As our nation has grown and changed, that constant turn of our history’s pages has shown us time and time again no one media organization can effectively and adequately cover our history as it is being made. It takes a variety of news groups, a diverse team of thinkers, reporters, writers, photographers and cartoonists. That’s where the Tennessee Tribune comes in. As our city sees a steady shrinking of the ability and desire of Nashville’s main street media outlets to cover the city they ostensibly serve, weekly papers like the Tennessee Tribune are increasingly helping fill a widening gap of reporting on developments in our increasingly diverse community.
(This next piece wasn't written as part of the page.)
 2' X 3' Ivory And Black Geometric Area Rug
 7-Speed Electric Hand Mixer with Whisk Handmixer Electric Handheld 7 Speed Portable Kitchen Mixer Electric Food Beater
For sure, The Tennessee Tribune is not trying to fill the news and information gaps left by the closure of The Nashville Banner and downsizing of The (Nashville) Tennessean. It, nor any of the state’s weeklies, matches the impressive histories of those journalism legends in reporting on top political, religious, education, health and crime stories.
Still, with the small staff and meager resources it has, the Tribune helps fill that hunger we have to know what’s going on around us. It keeps the community informed about business and religious community developments, keeps diverse voices in its opinion columns offering strong and articulate viewpoints on topics of import to the community, some that were not heard in the last days of the Banner and The Tennessean.
Week after week, readers of the Tribune see and read stories that round out our community’s need to be informed about the `what’ in our community and
the ‘who’ behind those developments. It has been an honor to play a small role in reporting stories for the Tribune and continuing to help our community
stand strong as the Athens of the South.